For now, I had to be satisfied with a DJ Boss battle that drags players into an EDM discotheque, overseen by a huge glitterball overlord that looks something like a bedazzled Deadmau5. What proceeds is a space-themed challenge where players orbit a rotating dance floor, crushing out environmental objects and spewing notes back at the boss as projectiles. As planets light up and explode around an arena, the anthropomorphic glitterball sits poised atop a podium, spinning decks and throwing shade on your struggle. The gloating chrome head is a great visual idea and the voice acting behind it ensures that it’s not just the excellent musical accompaniment that keeps you smiling. This encounter is particularly forgiving but it provides a great spectacle and also happens to be simply fun. Bright colors, cool tunes, and seemingly hectic surroundings all make this an engaging experience. Previous iterations of No Straight Roads that hit GDC included a piano challenge and when I spoke to Diam, he confirmed that future content will find more of these challenges. Metronomik is still working on even more unique instrumental themes and while they can’t go into more detail right now, it’s sure to be an interesting gig.
These boss style encounters are some of the challenges that await players as they trek through their wider mission. As a group of rebel rockers, players will aim to subvert the rule of EDM on their city. From an actual underground lair, the game’s protagonists can creep out onto the streets of this city under siege. They can explore the surroundings, pick up challenges, play gigs, and work to support the growing rock resistance. It gives a definite impression of a game that takes inspiration from the Persona and while I don’t have more information on how progression or the cityscape system changes over time, I’m intrigued by this concept.

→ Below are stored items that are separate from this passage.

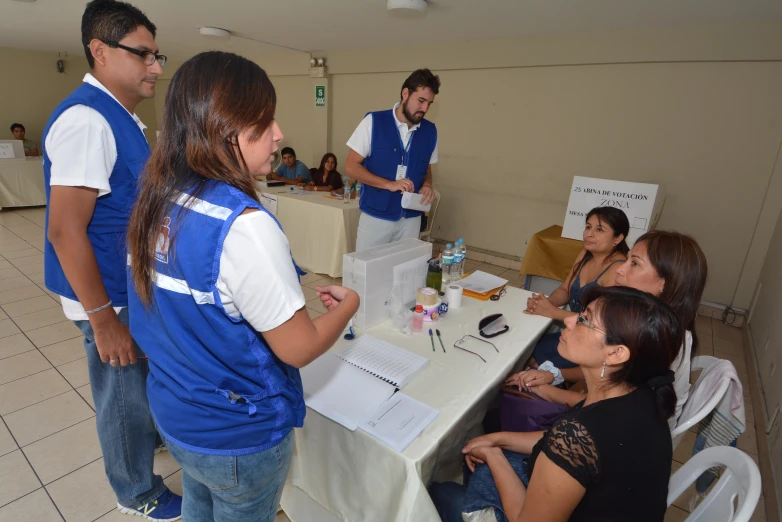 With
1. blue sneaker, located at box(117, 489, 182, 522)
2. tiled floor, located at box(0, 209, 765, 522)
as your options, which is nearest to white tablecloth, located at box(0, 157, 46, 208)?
tiled floor, located at box(0, 209, 765, 522)

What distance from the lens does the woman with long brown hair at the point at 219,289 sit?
0.70 m

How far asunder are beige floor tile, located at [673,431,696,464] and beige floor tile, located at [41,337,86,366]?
355 centimetres

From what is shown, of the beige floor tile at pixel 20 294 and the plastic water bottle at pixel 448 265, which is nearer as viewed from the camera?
the plastic water bottle at pixel 448 265

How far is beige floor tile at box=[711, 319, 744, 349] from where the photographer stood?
346cm

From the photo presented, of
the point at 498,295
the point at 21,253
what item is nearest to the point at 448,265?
the point at 498,295

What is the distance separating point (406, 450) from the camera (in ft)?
3.31

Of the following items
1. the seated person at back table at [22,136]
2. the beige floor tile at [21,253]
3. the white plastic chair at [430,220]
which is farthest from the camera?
the seated person at back table at [22,136]

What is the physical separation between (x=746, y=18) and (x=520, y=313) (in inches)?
129

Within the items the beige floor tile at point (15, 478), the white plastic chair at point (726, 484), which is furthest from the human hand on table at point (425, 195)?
the beige floor tile at point (15, 478)

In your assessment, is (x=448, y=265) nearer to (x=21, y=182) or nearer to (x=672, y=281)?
(x=672, y=281)

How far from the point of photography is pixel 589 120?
161 inches

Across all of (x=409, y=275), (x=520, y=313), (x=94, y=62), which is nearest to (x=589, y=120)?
(x=520, y=313)

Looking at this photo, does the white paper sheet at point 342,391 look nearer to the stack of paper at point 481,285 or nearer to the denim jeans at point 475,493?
the denim jeans at point 475,493

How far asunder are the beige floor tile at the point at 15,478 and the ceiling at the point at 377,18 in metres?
3.59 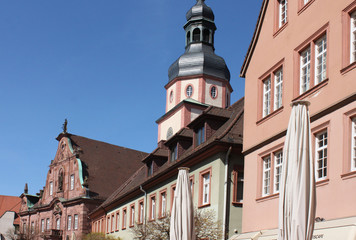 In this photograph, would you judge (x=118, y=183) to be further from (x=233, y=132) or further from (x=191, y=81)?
(x=233, y=132)

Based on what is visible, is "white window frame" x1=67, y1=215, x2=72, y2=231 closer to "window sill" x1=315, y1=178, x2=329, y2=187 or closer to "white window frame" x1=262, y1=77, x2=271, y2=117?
"white window frame" x1=262, y1=77, x2=271, y2=117

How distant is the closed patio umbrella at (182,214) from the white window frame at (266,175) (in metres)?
3.27

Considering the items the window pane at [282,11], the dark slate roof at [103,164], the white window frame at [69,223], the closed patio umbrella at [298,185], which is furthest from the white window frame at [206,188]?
the white window frame at [69,223]

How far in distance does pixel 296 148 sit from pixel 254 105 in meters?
10.3

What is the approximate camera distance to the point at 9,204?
8756cm

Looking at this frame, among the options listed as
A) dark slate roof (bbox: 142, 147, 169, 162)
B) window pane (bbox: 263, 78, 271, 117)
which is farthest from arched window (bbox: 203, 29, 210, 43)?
window pane (bbox: 263, 78, 271, 117)

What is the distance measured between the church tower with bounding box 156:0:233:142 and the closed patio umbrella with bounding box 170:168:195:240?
34044 mm

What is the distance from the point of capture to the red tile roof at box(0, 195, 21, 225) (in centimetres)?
8581

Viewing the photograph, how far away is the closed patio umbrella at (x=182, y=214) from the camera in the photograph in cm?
1666

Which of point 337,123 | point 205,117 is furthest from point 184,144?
point 337,123

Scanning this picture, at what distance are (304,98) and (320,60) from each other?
1.17 meters

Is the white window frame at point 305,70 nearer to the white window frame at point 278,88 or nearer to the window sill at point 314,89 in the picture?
the window sill at point 314,89

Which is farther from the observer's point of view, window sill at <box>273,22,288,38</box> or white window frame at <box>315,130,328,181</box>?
window sill at <box>273,22,288,38</box>

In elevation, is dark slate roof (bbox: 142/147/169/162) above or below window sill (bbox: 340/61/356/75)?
above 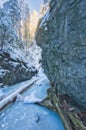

In the end, No Straight Roads really struck a chord with me. It is less a battle of Rock vs EdM and more of a love letter to both. The game feels fluid, well constructed and it’s no real wonder why. Both Diam Dziauddin and Wan Hazmer are both incredible talents with a solid team around them. No Straight Roads was another blistering addition to the foreground of EGX Rezzed that came out swinging with blistering colors, cool music, and a great twist on an established concept. It takes a musical theme and rhythm mechanics, burying them in a very accessible format. Even if it doesn’t dethrone EDM, No Straight Roads looks set to overthrow your boredom. I might be rooting for the Electronic empire, but I’ll be checking it out when it arrives on PlayStation 4 and PC during Spring 2019.